**Task objective**: Using the data below, output a verbatim copy of the lines between the one holding "Samsung Galaxy Watch" and the one holding "كوريتيبانوس Hotel Pinotti", inclusive, without any pictures.

**Records supplied**:
+++
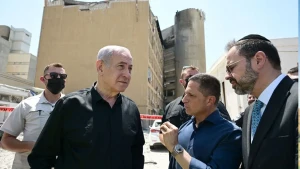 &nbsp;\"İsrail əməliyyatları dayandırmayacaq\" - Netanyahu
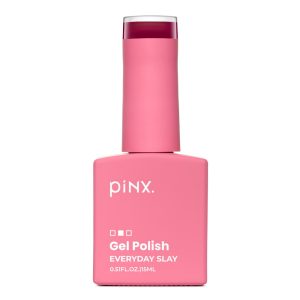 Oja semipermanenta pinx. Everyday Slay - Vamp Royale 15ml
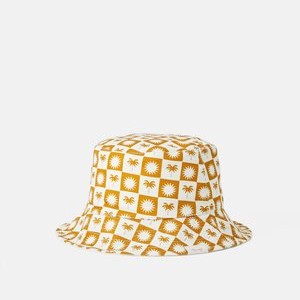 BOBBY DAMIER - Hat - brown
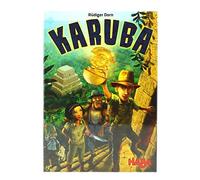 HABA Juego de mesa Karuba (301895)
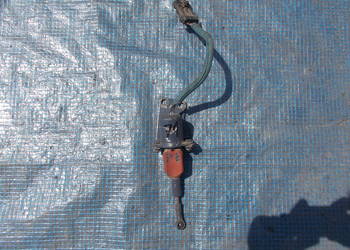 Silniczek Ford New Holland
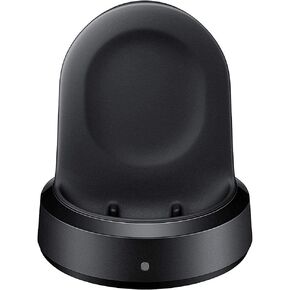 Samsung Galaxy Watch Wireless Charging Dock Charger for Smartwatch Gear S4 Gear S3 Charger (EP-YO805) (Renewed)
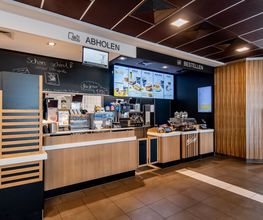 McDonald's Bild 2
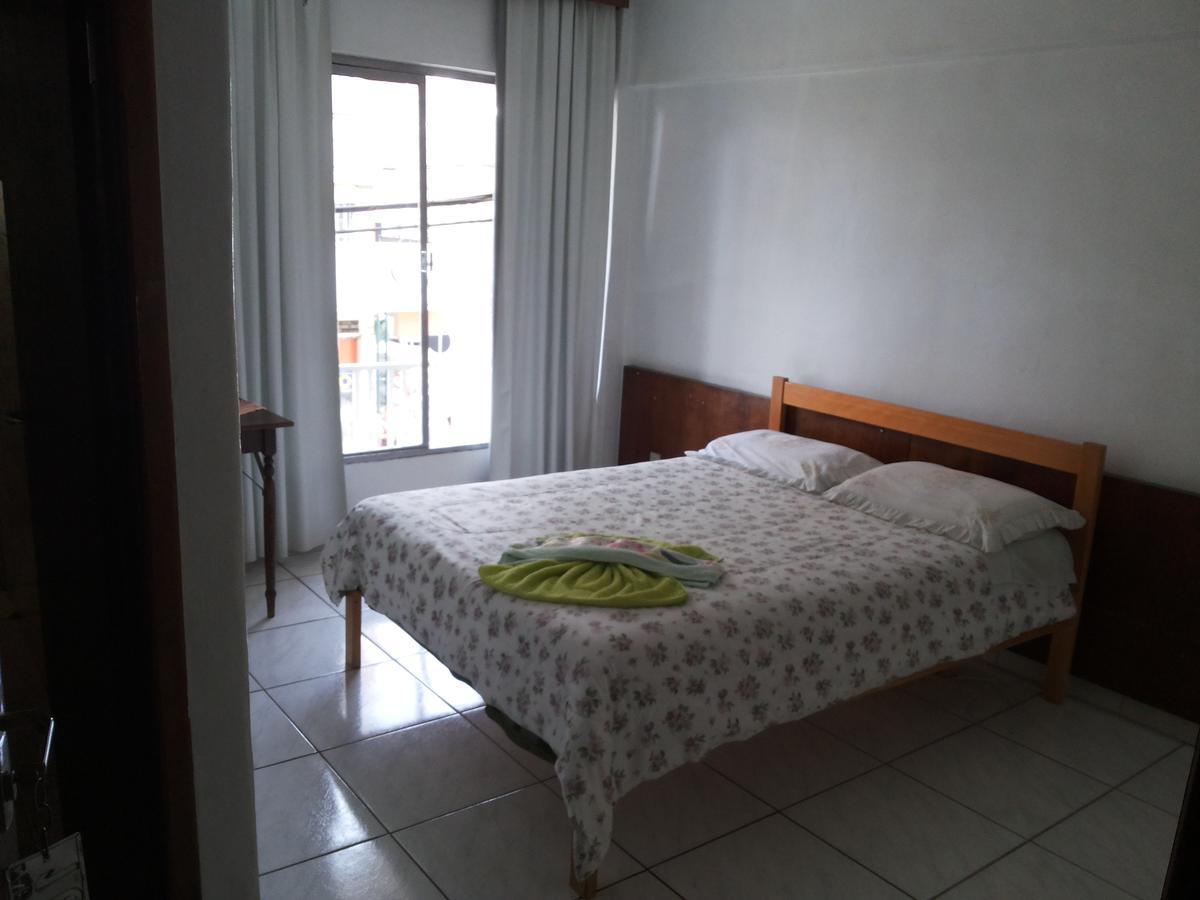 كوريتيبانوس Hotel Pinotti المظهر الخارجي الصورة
+++
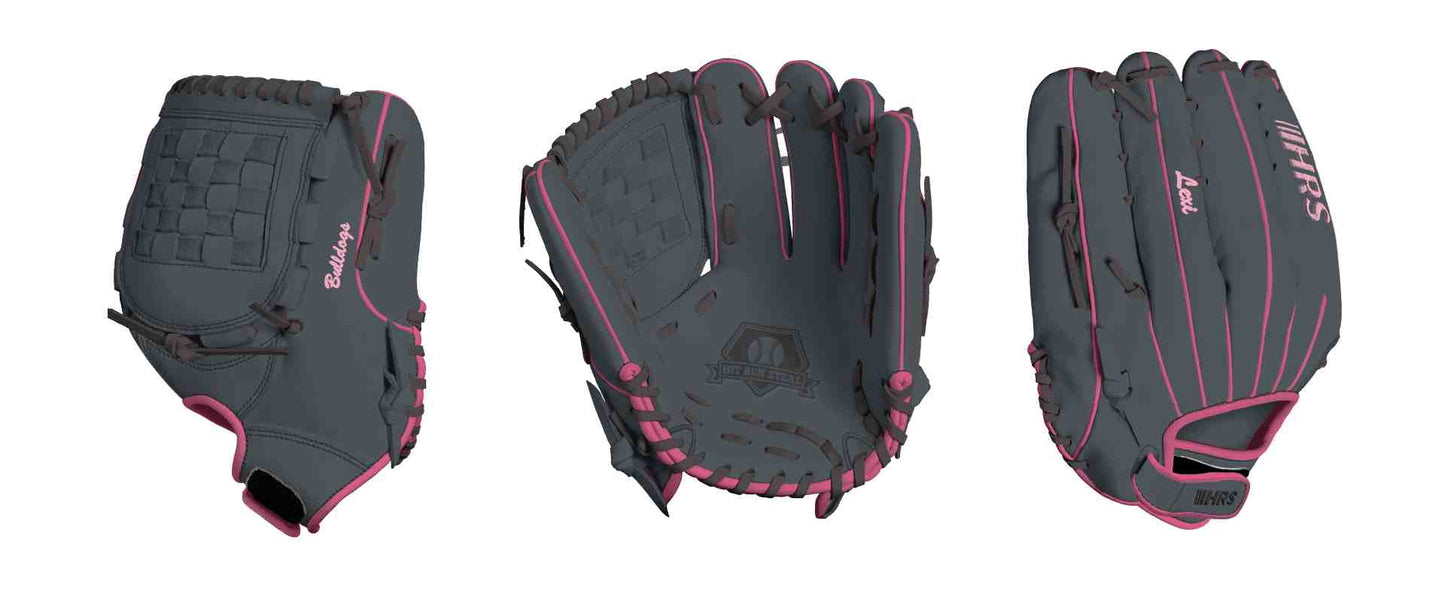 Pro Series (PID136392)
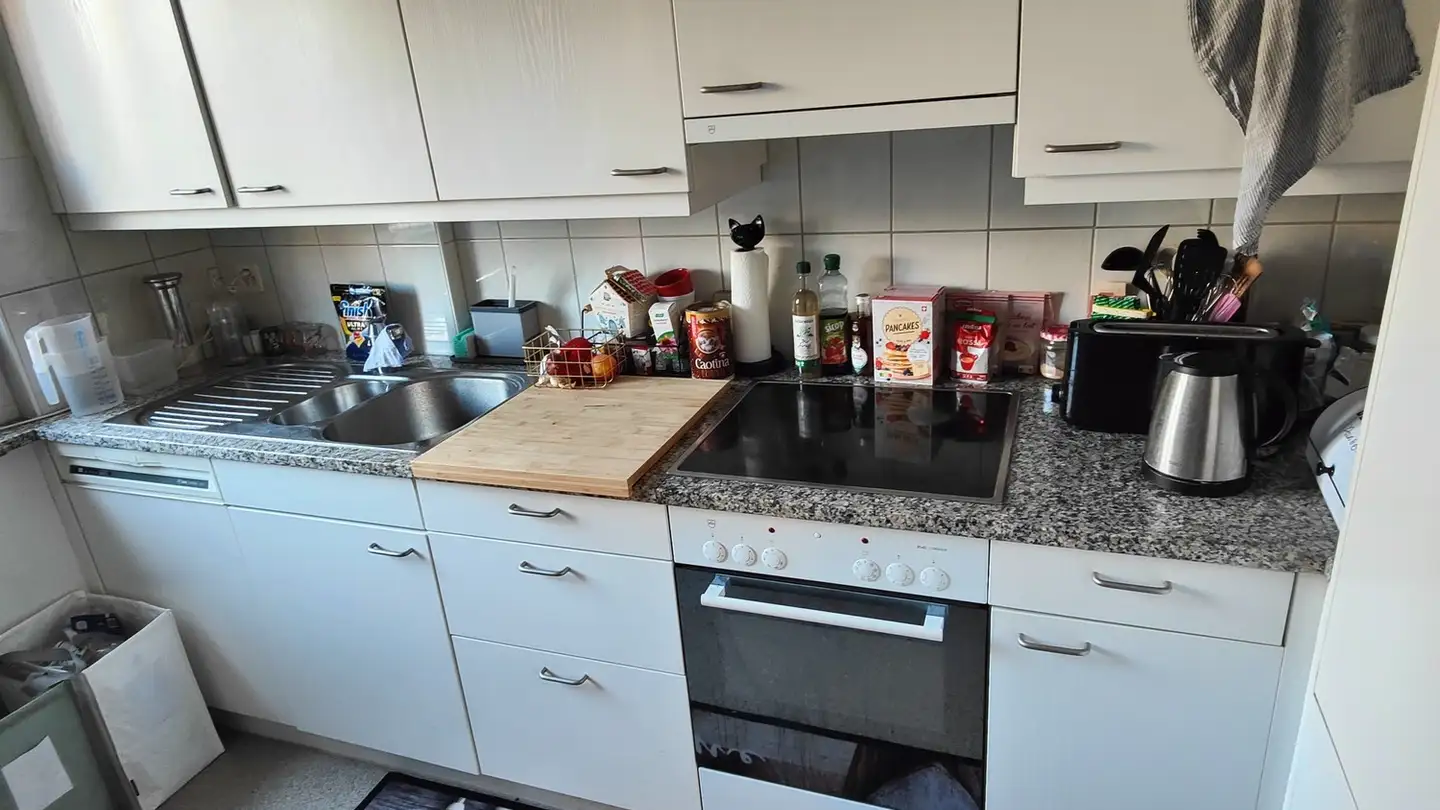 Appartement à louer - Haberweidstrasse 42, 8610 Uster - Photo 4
+++
**Answer to the exercise**:
 Samsung Galaxy Watch Wireless Charging Dock Charger for Smartwatch Gear S4 Gear S3 Charger (EP-YO805) (Renewed)
 McDonald's Bild 2
 كوريتيبانوس Hotel Pinotti المظهر الخارجي الصورة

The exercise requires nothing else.